One Of The Guys

Ever since high school, I’ve always been one of the guys.

It was never a conscious decision, or something that I “planned” in any way, it just sort of happened, and to be honest, it’s not something I’ve thought too much about. It’s just sort of a fact, similar to the fact that I love hot tea and binge watching sessions of Friends.

Something commonplace and totally normal in my life.

Nonetheless, one day, not too long ago, I actually did happen to think about it—due to the fact that I was going to a graduation with a group of friends to watch three bros graduate. I was naturally nostalgic, as these were people I grew up with, so I decided to google one of those articles on Buzzfeed like “What it’s like when you have a lot of guy friends” or “Humorous things that happen when a lot of your friends are guys“. And, while doing this, I ended up stumbling across an advice column on this very topic.

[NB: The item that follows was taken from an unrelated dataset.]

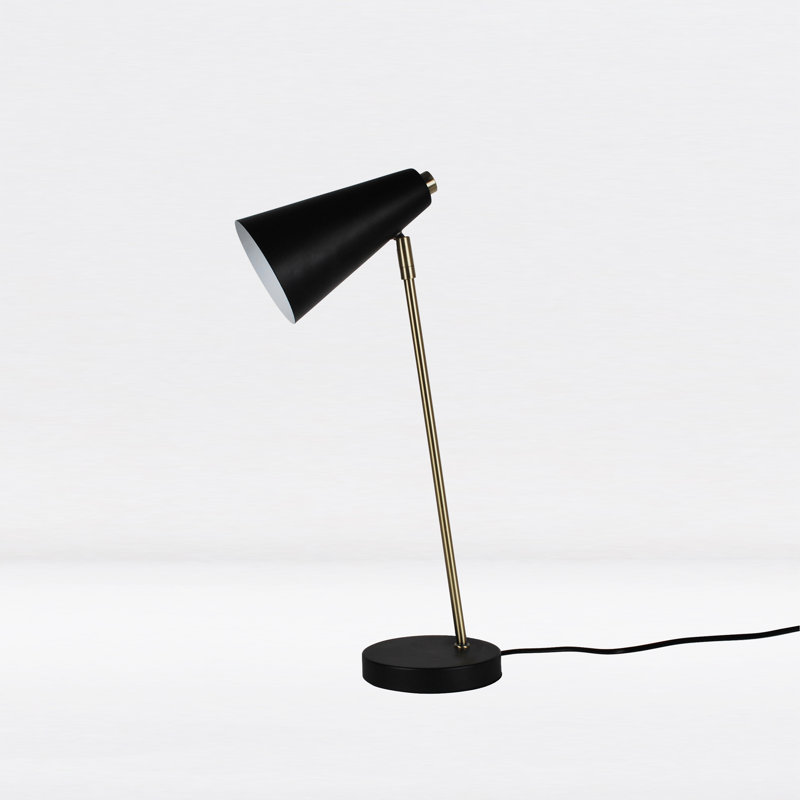 Colchique Metal Desk Lamp, Black/Brass, Black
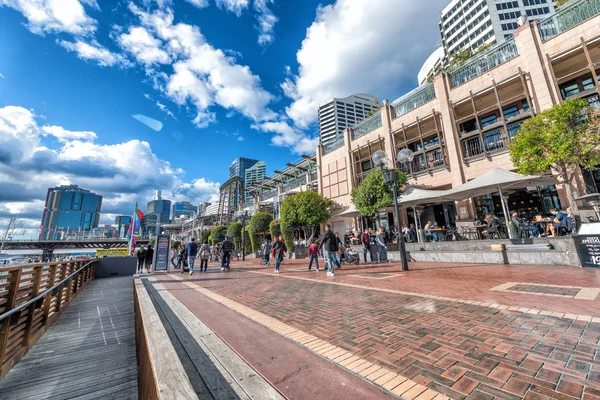 Sydney Avustralya Ağustos 2018 Darling Harbour Şehir Gökdelenler Güzel Güneşli — Stok fotoğraf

Long story short, this person was borderline negative at the prospect of having a friend of the opposite gender – accusing it of simply being a way to “get attention from guys”. After, researching further commentary on this topic, I found other articles from similar viewpoints, one calling it an avenue for “confusion and frustration” – even going so far as to call opposite gender friendship a sin!

Sadly, as much as I’d like to believe otherwise, I don’t believe these viewpoints are all too uncommon in some circles. Oftentimes, both the church and society can become so obsessed with sex and marriage that any kind of platonic interaction between guys and girls is viewed with suspicion.

Even movies, such as When Harry Met Sally, that address the age old “can guys and girls be friends” question typically end up with the two friends becoming a couple. And while I don’t disagree that this can sometimes happen, I personally find it rather ludicrous to say that every guy-girl friendship has some kind of Fruedian undertone just waiting to emerge at the worst time.

Thus, to contrast with an article in support of guy-girl friendships, I’ve decided to list a few reasons why having friends of the opposite gender can be a good and godly thing for us as Christian teens and young adults.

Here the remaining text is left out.